Jew-vs.-Jew Fight in Germany Reignites Debate on Anti-Zionism
In a case that has captivated Germany and reignited public debate on criticism of Israel and on antisemitism, a German court is expected to rule in early September on a defamation lawsuit brought by a prominent anti-Zionist against a well-known maverick columnist.
The politically charged case pits Evelyn Hecht-Galinski, a staunch critic of Israel whose father once ran German Jewry’s main organization, against pro-Israel commentator Henryk Broder. A regional court in Cologne is scheduled to make a decision September 3 as to whether Broder can claim in writing that statements made by Hecht-Galinski equating the Israeli government with Nazi Germany are antisemitic. Hecht-Galinski won an interim injunction barring Broder from making such allegations in an open letter, and the court will decide whether to overrule or restrict the injunction.
The case has stirred strong emotions among German Jews and has elicited broad media coverage across the country, where claims that Broder was trying to silence critics of Israel have been met with counterarguments about the slippery slope between anti-Zionism and antisemitism.
“There has been growing public attention paid to a small group of Jewish critics of Israel whose opinions are sought in the media and public forums to justify delegitimization of the State of Israel,” said Deidre Berger, director of the American Jewish Committee’s Berlin office. “Henryk Broder is an exacting wordsmith who has repeatedly exposed those whose opinions and theories tacitly encourage antisemitic prejudices.
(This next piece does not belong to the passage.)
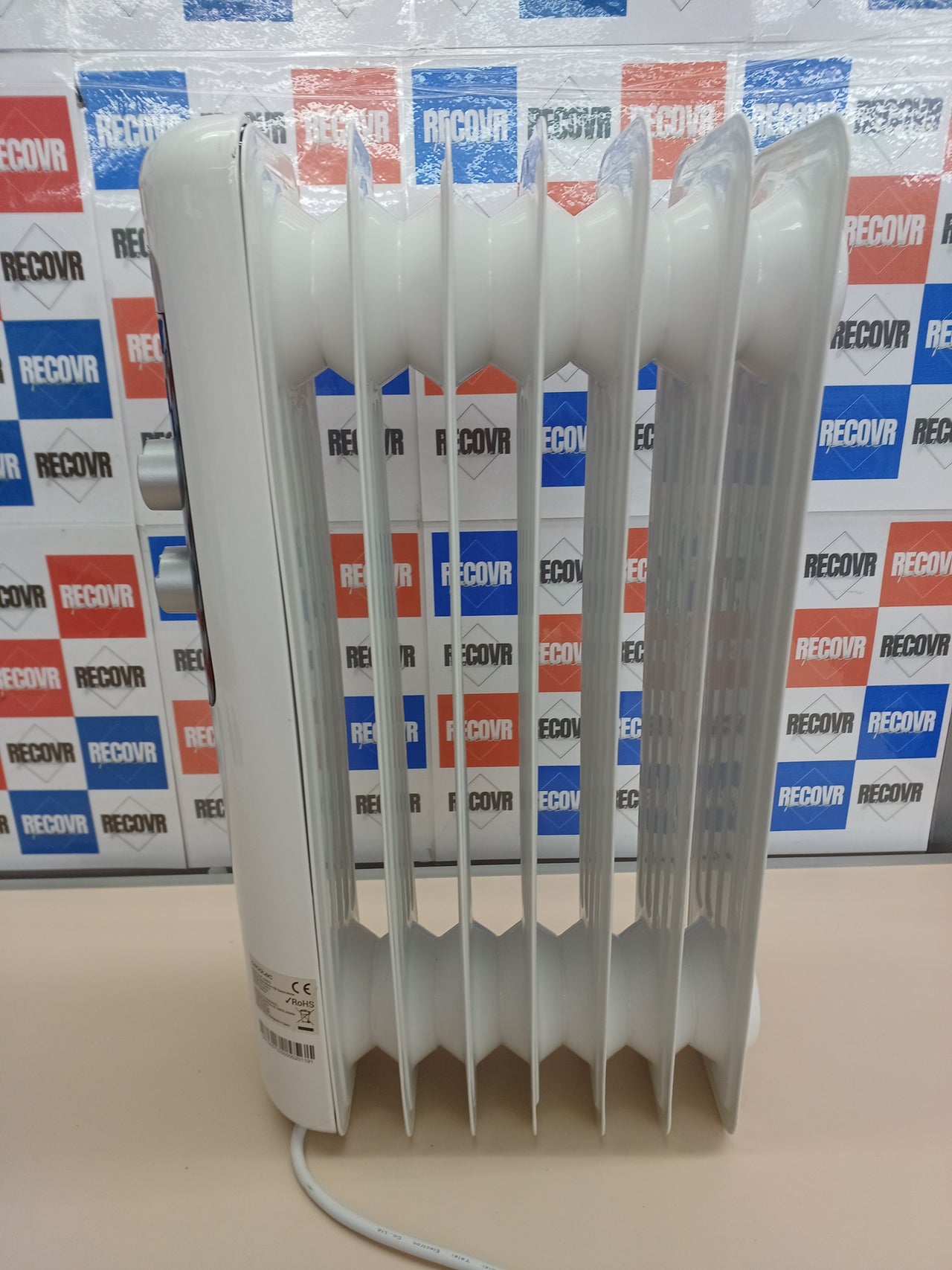 Radiador aceite 1500W 7 módulos bajo consumo - Cecotec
The current court case is likely to reignite a discussion in Germany about the limits of criticism of Israel.”
In an open letter to the director of the Western German Broadcasting Corporation’s radio station, which earlier this year had invited Hecht-Galinski to talk about Israel’s 60th anniversary, Broder wrote that “antisemitic, anti-Zionist statements are her specialty.”
While Hecht-Galinski does not object to his characterization of her as anti-Zionist, she wants Broder to withdraw the antisemitic label. Her lawyer has been quoted as saying that Broder was simply aiming to silence her criticism of Israel.
Broder, for his part, is ceding no ground.
“I will not retract the label simply because what she says is utterly antisemitic,” Broder told the Forward. “People listen to her because she is a Jew and because of her father, and this gives antisemites the perfect cover to put forth their views.”
Her late father, Heinz Galinski, was a Holocaust survivor and president of the Central Council of Jews in Germany, as well as a staunch defender of Israel.
Broder is adamantly opposed to settling the case, arguing that he does not want to “allow antisemites to decide what antisemitism is.”
Josef Joffe, publisher and editor of the mainstream daily Die Zeit, said the case is not only about the boundaries of criticizing Israel, but also more generally about the limits to free speech.
“In the U.S., where the First Amendment reigns supreme, bringing someone to court because he labeled you an antisemite is impossible,” Joffe, who is himself Jewish, told the Forward. “In Germany it is [possible], given the country’s past über-antisemitism, which has led to the idea that the term of opprobrium is practically as bad as the evil itself.”
Broder’s run-in with Hecht-Galinski is not the first Jew vs. Jew legal battle Broder has fought. Last year, a court of appeals in Frankfurt overturned a ruling by a lower court in favor of a Jewish author and a Jewish publisher, both of whom Broder had accused of being antisemitic for equating Israel with the Third Reich.
While the Central Council of Jews in Germany did not take an official position on Broder’s previous court battle last year, it has offered its support in the columnist’s pending case with Hecht-Galinski.
The umbrella body’s secretary general, Stephan Kramer, told the Forward that it had done so “because he rightfully opposed Mrs. Hecht-Galinski and called her statements anti-Zionistic and in part antisemitic” adding that she “serves many non-Jews as an alibi when they make anti-Zionistic and antisemitic statements — as to say, if a Jew can say that, then this is not antisemitism.”
In a 2006 radio interview, she described the Central Council of Jews in Germany, which her father headed from 1988 until his death in 1992, as the “mouthpiece of the Israeli government in Germany.”
Hecht-Galinski, who was reportedly estranged from her parents for the past two decades, has declined to comment to the press and referred questions to her counsel. Her attorney Christian Mensching told the Forward he would not make any public statement before the September 3 ruling.